Lecture Notes on High Availability Storage Solutions

Jul 10, 2024

Lecture on Storage Solutions for High Availability and Reliability

Whonnock 10: The Ultimate High Availability Server

Introduction

  • Fast and reliable storage is crucial for video production teams.
  • Main editing server, Whonnock, has served well but a single minute of downtime now costs over $50 in payroll.
  • Solution: Redundancy.
    • Drives are redundant, but they all sit in one single server.
    • New server: Whonnock 10 (high availability).

Hardware Components

  • Supermicro Grand Twin A+ Server AS-2115GT-HNTR
    • 2U, containing four independent computers.
    • Independent motherboard, 384GB memory, AMD EPYC Genoa processor (64 cores), dual M.2 slots for boot drives, six PCIe Gen 5 NVMe slots.
    • 200 gigabit ConnectX 6 NICs for network redundancy.
    • 2200-watt power supplies (80 plus titanium).

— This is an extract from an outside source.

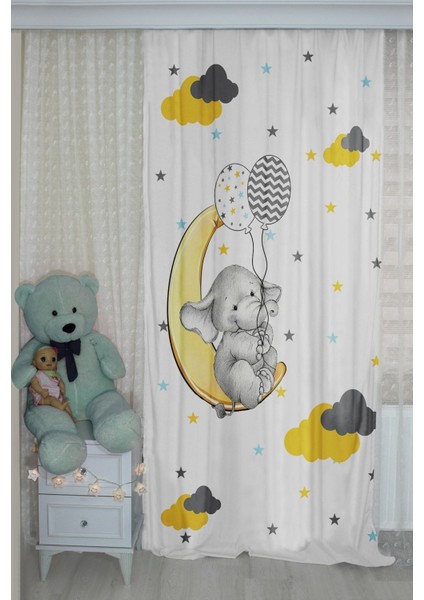 Sevimli Fil Çift Kanatlı Çocuk Odası Fon Perde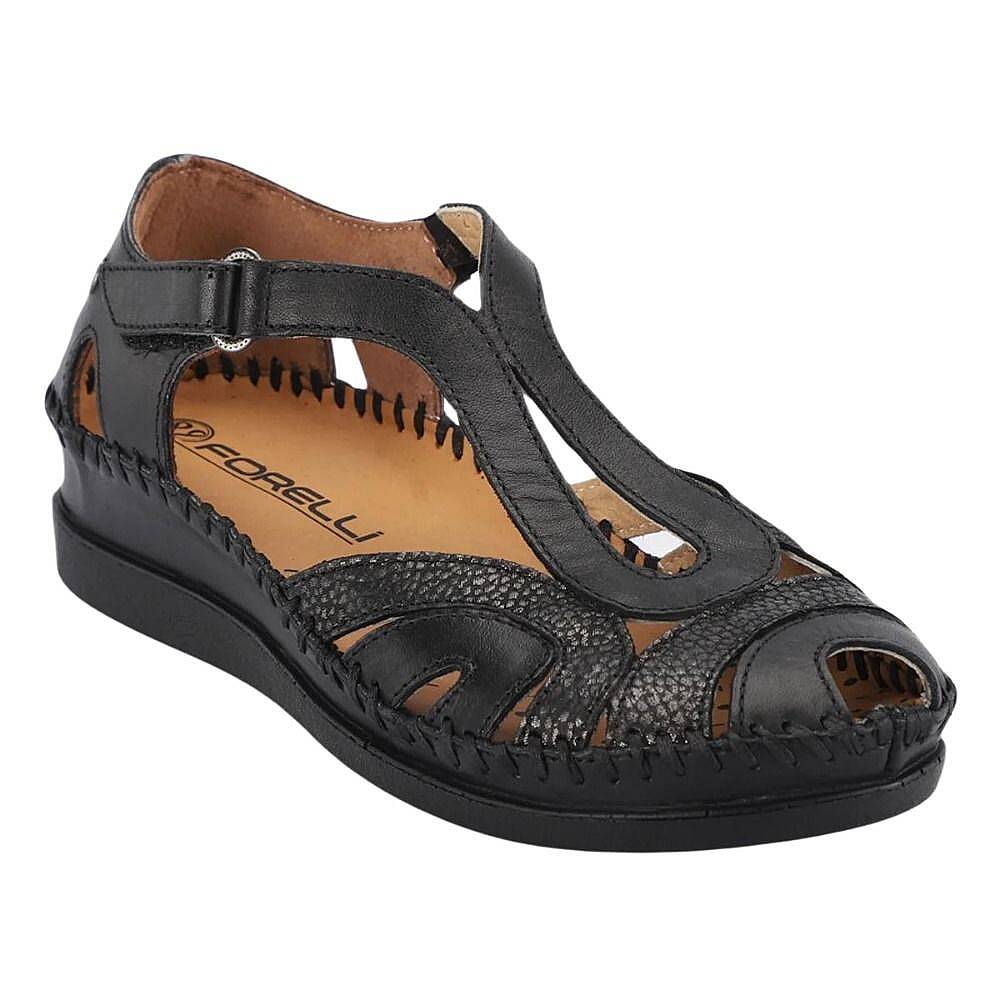 Forelli 22521 Sally-G Siyah Kadın Comfort Deri Sandalet - 1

High Availability Configuration

  • Redundant NVMe first file system (Weka).
    • Can sustain two entire server dropouts without interruption.
    • Moved entire team onto it for real-world test during workday.
  • Redundant switches for network connectivity.
    • Limitation: switch failure – ideally need two single port NICs.
    • Overall system designed to continue operation even if one NIC fails.

Software Configuration

  • Weka File System
    • System setup with compute, drive, and front-end cores for task management.
    • Dynamically assigns cores for different tasks (e.g., parity calculation, inter-cluster communication).
  • Potential to run additional services like Proxmox and high-availability Plex server.
  • Boot drives: Sabrent 512GB Gen 3 rocket drives (reliable enough for OS boot).
  • Storage drives: Kioxia CD6 Gen4 NVMe drives (future plan for 4x 15TB drives per node).

Deployment and Testing

  • Servers and network setup led to real-world testing to ensure seamless operation.
  • System handled unplugging of a server without impacting video editing work.
  • Analysis and AI integration for media asset management
    • Detects objects, faces, and scenes for searchability.

Key Points

  • Weka file system optimized for low latency and high throughput.
  • Nvidia SN3700 switch used for network connectivity.
  • Achieved 70GB/s read performance and 4 million read IOPS.
  • AI-driven media asset management from axel.ai provides powerful search capabilities.
  • Proxy generation to avoid huge latency when dealing with large original clips.

Summary

  • Whonnock 10 provides major improvements in high availability and redundancy for video editing workloads.
  • Redundant hardware and software setups minimize downtime.
  • Future potential for even more advanced configurations and AI-driven features for media management.

Conclusion

  • Overall significant upgrade from the single machine setup.
  • Provides a reliable, fast, and redundantly protected server environment for the video team.
  • Emphasis on real-world testing and practical benefits of high availability systems.